Why are we using Aluminium lids?

Are aluminium tubes harmful to the environment?

Continuously recycling the same aluminium since 1856

Of course, the production of aluminium, like other packaging, requires a large amount of raw materials and energy. The big difference, however, is that aluminium is excellent for recycling and this process only uses about 5% of the energy of so-called primary production! In addition, aluminium can be used almost indefinitely by melting it down and constantly recycling it. As much as 75% of the aluminium ever produced (since 1856) is still (re)used. Crazy, isn't it?

The energy needed for the recycling process comes from renewables

With a recycling rate of about 90.5%, Germany is a real pioneer when it comes to recycling aluminium. This puts us only behind Japan (with approx. 94.5 %). Unfortunately, we ourselves are largely to blame for the missing 9.5%: Only if we dispose of aluminium properly (yellow bin) does the metal get back into the recycling loop.

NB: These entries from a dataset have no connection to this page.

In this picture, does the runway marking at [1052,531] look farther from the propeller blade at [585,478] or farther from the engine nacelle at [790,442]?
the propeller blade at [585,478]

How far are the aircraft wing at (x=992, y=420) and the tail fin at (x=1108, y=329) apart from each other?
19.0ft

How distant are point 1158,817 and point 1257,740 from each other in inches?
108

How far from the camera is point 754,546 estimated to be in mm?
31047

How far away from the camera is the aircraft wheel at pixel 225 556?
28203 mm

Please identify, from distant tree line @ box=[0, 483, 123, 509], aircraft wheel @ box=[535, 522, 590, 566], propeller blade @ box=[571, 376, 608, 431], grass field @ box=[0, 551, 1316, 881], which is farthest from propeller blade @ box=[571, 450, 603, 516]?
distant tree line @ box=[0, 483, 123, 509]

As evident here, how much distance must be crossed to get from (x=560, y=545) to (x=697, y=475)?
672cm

Aluminium has to be heated to about 660 degrees Celsius to be remelted, which is an energy-intensive process. For this reason, it pays to choose the right location: A considerable part of European aluminium production takes place in Iceland and Scandinavia, where large amounts of hydroelectric power allow for cost-effective production that is as clean as possible.

New improvements in aluminium packaging every year

There is no clear opinion on the use of aluminium packaging. Often contradictory information that one has picked up somewhere comes to mind when thinking about this material. Most prejudices, however, are based on ignorance: we have already clarified that aluminium is not as harmful to the environment as its reputation suggests. But what about its influence on our end product? Won't it be contaminated with dangerous substances through the packaging? And what about aluminium salts?

Here, too, we can say with confidence: aluminium tubes are much better than their reputation. Separated by a wafer-thin coating, the product does not even come into direct contact with the packaging material. And the aluminium salts used in conventional deodorants have nothing in common with aluminium in packaging materials. In packaging, aluminium does not pose a health hazard.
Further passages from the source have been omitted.